Stored records:

*** Begin section ***

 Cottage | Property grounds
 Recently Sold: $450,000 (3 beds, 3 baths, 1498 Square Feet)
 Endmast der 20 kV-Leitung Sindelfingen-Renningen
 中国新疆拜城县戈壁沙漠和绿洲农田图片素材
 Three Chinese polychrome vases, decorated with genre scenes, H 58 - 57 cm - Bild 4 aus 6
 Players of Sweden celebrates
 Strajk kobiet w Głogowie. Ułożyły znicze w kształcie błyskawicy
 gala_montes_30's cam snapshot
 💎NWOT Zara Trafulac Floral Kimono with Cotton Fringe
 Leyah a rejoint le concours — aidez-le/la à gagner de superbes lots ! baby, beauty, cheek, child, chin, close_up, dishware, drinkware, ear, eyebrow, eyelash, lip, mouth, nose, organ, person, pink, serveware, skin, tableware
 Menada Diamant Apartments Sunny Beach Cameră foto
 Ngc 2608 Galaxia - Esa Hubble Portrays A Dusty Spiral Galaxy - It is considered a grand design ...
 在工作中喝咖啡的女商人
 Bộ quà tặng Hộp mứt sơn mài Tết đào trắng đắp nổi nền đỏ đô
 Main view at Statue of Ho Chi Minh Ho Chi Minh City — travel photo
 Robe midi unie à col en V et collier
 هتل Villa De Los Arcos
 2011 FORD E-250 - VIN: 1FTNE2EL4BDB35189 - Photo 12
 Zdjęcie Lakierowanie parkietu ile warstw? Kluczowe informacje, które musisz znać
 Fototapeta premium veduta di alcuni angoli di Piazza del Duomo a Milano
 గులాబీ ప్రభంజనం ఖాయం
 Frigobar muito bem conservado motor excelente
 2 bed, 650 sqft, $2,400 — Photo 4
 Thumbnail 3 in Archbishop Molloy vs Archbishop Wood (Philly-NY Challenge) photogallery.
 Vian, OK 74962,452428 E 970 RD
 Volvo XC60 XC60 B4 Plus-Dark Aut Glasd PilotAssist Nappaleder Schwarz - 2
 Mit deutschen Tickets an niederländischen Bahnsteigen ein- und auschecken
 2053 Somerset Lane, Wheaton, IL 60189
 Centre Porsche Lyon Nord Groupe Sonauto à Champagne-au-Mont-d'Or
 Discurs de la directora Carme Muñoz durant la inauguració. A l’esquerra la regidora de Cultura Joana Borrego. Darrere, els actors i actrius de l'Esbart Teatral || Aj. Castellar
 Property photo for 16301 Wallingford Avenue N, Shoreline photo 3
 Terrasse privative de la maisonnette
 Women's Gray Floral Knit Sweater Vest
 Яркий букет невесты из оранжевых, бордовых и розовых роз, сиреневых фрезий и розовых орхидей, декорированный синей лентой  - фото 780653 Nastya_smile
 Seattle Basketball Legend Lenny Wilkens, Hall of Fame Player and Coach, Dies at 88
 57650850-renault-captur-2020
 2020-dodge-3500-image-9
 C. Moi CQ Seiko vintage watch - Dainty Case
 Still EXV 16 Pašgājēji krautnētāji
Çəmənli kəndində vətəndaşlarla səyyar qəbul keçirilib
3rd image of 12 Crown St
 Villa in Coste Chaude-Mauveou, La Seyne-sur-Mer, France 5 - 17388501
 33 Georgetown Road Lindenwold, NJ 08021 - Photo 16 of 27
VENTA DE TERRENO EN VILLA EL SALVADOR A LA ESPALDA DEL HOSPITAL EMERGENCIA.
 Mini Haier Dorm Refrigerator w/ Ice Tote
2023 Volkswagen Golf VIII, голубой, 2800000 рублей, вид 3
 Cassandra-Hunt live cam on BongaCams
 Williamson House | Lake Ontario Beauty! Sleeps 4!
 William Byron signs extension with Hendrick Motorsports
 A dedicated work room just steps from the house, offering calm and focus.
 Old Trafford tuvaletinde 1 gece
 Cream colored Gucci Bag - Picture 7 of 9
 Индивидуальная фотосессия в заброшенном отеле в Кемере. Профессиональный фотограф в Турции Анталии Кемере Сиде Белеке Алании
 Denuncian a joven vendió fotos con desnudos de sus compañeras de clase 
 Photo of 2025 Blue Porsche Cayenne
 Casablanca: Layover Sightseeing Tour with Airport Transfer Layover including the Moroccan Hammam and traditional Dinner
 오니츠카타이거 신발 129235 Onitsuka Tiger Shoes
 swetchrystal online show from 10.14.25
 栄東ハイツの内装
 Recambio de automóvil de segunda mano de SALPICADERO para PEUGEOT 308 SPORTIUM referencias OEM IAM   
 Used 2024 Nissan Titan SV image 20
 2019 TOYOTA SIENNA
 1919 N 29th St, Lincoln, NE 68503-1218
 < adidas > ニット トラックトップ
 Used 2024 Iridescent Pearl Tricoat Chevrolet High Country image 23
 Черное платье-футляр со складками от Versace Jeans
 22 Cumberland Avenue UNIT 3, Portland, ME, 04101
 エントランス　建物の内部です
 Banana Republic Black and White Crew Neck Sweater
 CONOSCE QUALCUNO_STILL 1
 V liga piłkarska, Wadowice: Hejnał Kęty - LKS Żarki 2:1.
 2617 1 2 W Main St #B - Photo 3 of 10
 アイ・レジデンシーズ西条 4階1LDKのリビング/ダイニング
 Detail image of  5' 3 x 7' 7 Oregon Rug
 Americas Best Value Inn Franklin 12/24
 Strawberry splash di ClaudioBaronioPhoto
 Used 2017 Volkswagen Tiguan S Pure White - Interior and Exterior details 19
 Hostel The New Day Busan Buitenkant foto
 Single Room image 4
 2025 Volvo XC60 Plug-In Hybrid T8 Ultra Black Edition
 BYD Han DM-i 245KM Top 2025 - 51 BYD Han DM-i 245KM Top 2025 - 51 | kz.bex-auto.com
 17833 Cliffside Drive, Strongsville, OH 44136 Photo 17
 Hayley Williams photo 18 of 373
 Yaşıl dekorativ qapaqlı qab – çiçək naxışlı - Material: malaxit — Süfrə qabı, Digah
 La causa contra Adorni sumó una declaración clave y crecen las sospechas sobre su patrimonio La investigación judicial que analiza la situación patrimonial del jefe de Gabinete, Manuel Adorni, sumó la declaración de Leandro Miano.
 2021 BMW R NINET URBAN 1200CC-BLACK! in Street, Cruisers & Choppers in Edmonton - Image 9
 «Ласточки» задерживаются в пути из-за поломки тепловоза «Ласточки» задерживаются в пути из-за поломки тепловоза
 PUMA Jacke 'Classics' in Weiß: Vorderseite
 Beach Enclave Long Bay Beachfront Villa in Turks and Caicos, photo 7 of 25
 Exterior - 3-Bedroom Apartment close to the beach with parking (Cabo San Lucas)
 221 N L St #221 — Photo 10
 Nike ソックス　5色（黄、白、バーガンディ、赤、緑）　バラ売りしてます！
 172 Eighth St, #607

*** End section ***

▶ EXERCISE
Every line above with the word "from" belongs in the answer, copied as written.

▶ OUTPUT BELOW
 A dedicated work room just steps from the house, offering calm and focus.
 swetchrystal online show from 10.14.25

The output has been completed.